Vor allem katholische Orden sind fern der Küste unter den Ureinwohnern des südamerikanischen Landes, den sogenannten Amerindians, tätig. Die Ursulinen haben im Hinterland eine Missionsstation, wo indische Mitschwestern, Angehörige der Adivasi, mit den Ureinwohnern arbeiten. "Ich weiß, wie es ist, in der Gesellschaft wenig zu gelten", sagt eine Schwester aus Indien, die seit zwei Jahren in Guyana lebt. Die Erfahrung, selbst herabgesetzt worden zu sein, helfe ihr zum Beispiel, wenn die amerindischen Dorfbewohner von abfälligen Bemerkungen ihrer Landsleute berichteten.

Die Oberin des Ursulinen-Konvents in der Hauptstadt Georgetown, Schwester Mary Peter, ist Guyanerin chinesischer Abstammung. Weil ihre Mutter nach dem frühen Tod des Vaters mit der Kindererziehung überfordert war, wuchs sie bei den katholischen Schwestern auf. Heute leitet die 70-Jährige ein Mädchenwaisenhaus in Georgetown.

Einige der 70 Mädchen sind Waisen, andere wurden von den Behörden eingewiesen, erklärt Mary Peter, die in Großbritannien Mathematik studiert und bis zu ihrer Pensionierung an höheren Schulen in verschiedenen Ländern gelehrt hat. "Viele Mädchen haben schreckliche Gewalt erlebt und sind tief verstört." Mit viel Liebe und noch mehr Geduld versuchen die Schwestern und Betreuerinnen, den Kindern ein Heim zu schaffen. "Das ist manchmal nur mit Gottes Hilfe zu schaffen", sagt sie.
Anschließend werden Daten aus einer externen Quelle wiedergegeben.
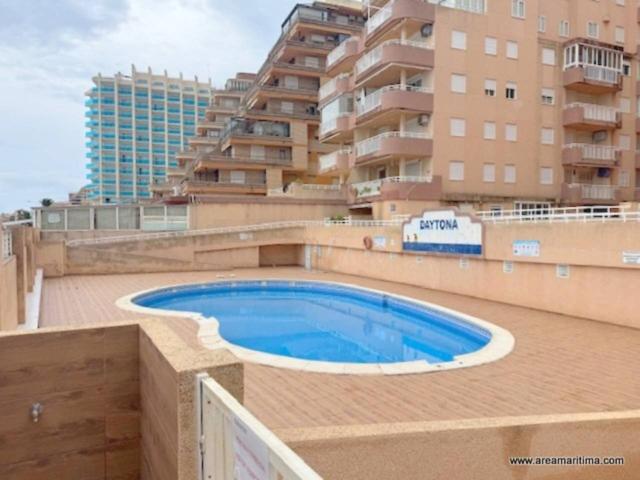 Vivienda de 1 habitación · Terraza · Piscina · Residencial Daytona · Paseo Marítimo Mediterráneo (Oropesa). photo 0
Häusliche Gewalt ist ein großes Problem in Guyana. "Das hat mit dem Machismo in der karibischen Kultur zu tun", erklärt Deborah Bakker. Die Oppositionspolitikerin und Anwältin hat sich auf Familienrecht spezialisiert. "Unsere Gesellschaft, die glaubt, dass echte Männer gewaltbereit sind und 'gute' Mädchen sich die Gewalt gefallen lassen, muss sich schleunigst ändern, sonst können wir unsere blutige Vergangenheit nie bewältigen."

Die ethnisch motivierten Auseinandersetzungen zwischen den indisch-stämmigen und den afrikanisch-stämmigen Bewohnern haben eine lange Geschichte. Die Malerin und Essayistin Bernadette Indira Persaud verarbeitet sie in ihren leuchtend bunten Bildern und malt und schreibt gegen den Hass. Dabei stellt sie nicht nur grausame Szenen dar.

In den verschiedenen Religionen der Bevölkerung Guyanas versucht die Kunstprofessorin das Heilende und Verbindende zu finden. "Nie hatten wir Auseinandersetzungen aus religiösen Gründen", erklärt sie. "Wir könnten also das Versöhnende im Christentum, im Hinduismus, im Islam oder in den Naturreligionen einsetzen, um unser Land zu befrieden, die Schmerzen zu lindern und Hoffnung für die Zukunft schaffen."

Für die Christinnen des Weltgebetstages steht fest, dass ohne Gottes Hilfe Guyana dem Teufelskreis der Gewalt und Gegengewalt nicht entfliehen kann. Am 7. März werden sie zusammen mit Menschen in 170 Ländern weltweit dafür beten.